Отправляем самолет и шагаем гуськом в лагерь. Вспоминаю о Бабушкине.
– Петр Романович! С моряком ты давно в дружбе?
– С тридцать шестого. Знаю его хорошо. Встретились мы с Андреем тут, в Крыму. Матрос зашел в Колайский райком. Послан, говорит, на работу в деревню. «Что делать собираешься?» – спрашиваю. «Были бы руки, говорит, а работа в колхозах найдется».
Вижу, душа у него по-настоящему партийная. Чувствуется крепкая политическая закалка. Видно, хорошую школу прошел в комсомоле и на флоте. В тот же день появился Андрей Бабушкин в колхозе имени Розы Люксембург. А через неделю сельские коммунисты избрали его своим секретарем.
Слушая рассказ о Бабушкине, я мысленно иду по его жизненным дорогам. Вижу Андрея среди колхозников активным борцом против остатков мелкособственнической идеологии; потом в роли инструктора Колайского райкома партии; на посту директора Азовской МТС. Помнится, была она одной из лучших. Директор же МТС Андрей Бабушкин был избран депутатом Верховного Совета республики.

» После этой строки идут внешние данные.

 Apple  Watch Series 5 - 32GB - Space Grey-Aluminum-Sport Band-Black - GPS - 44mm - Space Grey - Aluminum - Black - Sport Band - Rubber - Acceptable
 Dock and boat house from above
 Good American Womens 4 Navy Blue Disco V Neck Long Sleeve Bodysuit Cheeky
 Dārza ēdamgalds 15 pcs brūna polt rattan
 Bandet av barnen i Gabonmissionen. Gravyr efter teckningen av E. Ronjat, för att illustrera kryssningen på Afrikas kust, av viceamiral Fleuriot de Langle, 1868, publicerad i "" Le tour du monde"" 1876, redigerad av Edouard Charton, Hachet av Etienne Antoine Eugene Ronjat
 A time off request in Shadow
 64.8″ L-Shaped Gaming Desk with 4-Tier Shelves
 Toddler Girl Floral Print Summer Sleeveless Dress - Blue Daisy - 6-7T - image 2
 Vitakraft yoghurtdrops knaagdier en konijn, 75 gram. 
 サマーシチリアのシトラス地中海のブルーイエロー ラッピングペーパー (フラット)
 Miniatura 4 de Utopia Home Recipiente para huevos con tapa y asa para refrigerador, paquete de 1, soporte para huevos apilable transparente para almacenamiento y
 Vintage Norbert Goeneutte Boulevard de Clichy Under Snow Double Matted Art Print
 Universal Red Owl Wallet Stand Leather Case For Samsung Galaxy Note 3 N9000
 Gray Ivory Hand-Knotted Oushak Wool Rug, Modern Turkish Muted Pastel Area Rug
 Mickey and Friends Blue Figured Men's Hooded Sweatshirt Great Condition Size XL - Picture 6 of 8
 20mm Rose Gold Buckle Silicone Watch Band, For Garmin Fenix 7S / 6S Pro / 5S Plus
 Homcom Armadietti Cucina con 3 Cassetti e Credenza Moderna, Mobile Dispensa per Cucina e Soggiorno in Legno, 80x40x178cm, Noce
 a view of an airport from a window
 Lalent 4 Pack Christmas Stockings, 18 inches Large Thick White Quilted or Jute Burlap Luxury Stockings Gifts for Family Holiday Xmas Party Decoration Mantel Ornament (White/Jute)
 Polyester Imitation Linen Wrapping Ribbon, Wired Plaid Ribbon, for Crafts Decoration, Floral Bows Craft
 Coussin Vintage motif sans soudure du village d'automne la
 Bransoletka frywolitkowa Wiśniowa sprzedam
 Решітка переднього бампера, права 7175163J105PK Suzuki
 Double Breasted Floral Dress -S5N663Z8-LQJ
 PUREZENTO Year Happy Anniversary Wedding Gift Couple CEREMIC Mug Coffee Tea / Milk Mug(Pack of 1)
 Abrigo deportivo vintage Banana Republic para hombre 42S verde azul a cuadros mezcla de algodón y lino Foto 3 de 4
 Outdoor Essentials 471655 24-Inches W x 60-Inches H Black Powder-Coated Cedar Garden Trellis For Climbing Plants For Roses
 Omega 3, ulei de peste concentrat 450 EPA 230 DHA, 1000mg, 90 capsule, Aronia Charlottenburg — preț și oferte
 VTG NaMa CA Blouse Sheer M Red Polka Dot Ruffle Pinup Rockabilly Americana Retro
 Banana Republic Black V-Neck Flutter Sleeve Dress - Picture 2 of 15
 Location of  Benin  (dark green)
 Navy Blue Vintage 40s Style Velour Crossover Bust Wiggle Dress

– Второй раз сошлись мы с Андреем в Керчи, – продолжает Петр Романович. – Было это в январе сорок второго года, когда освободили Керченский полуостров от фашистов. Вслед за саперами пошли трактора. Пахали и часто подрывались на минах, не обнаруженных саперами. Сеяли под бомбежками и под артиллерийскими огневыми налетами. Андрея назначили директором Керченской МТС. Где было особенно опасно, там директор сам брался за руль трактора и вел машину по земле, заряженной снарядами и минами. А сегодня вот третий раз встречаемся.
Умолкаем и прислушиваемся к оживленному разговору моряков.
– Сколько лет мы не виделись?
– С тридцать шестого, семь получается.
– И опять сошлись. Повезло. Гляди еще Лешка Ющенко вынырнет.
– Нет, ребята. Не ждите Ющенко.
– Что? Погиб?
– Хуже, – объясняет Бабушкин. – На том берегу, гад. Еще тогда, на Дальнем Востоке, перебежал к самураям. Вскорости после вашей демобилизации.
– Вот мерзкая душонка. Кто бы мог подумать!..
Замолчали. Воспользовавшись паузой, мы с Ямпольским попросили моряков рассказать о себе.
…Их было четверо: Алексей Калашников – рабочий, комсомолец из Азова; Александр Балацкий – механизатор из украинского села Большой Токмак; Андрей Бабушкин – с Урала и Алешка Ющенко – кубанский казак из Усть-Лабы.
Жили парни в одном кубрике на корабле Тихоокеанского флота. Вместе гонялись за кунгасами японских контрабандистов. В одной футбольной команде играли. Общими у них были не только домашние посылки. Коллективно читались книги, письма родных и даже послания девчат.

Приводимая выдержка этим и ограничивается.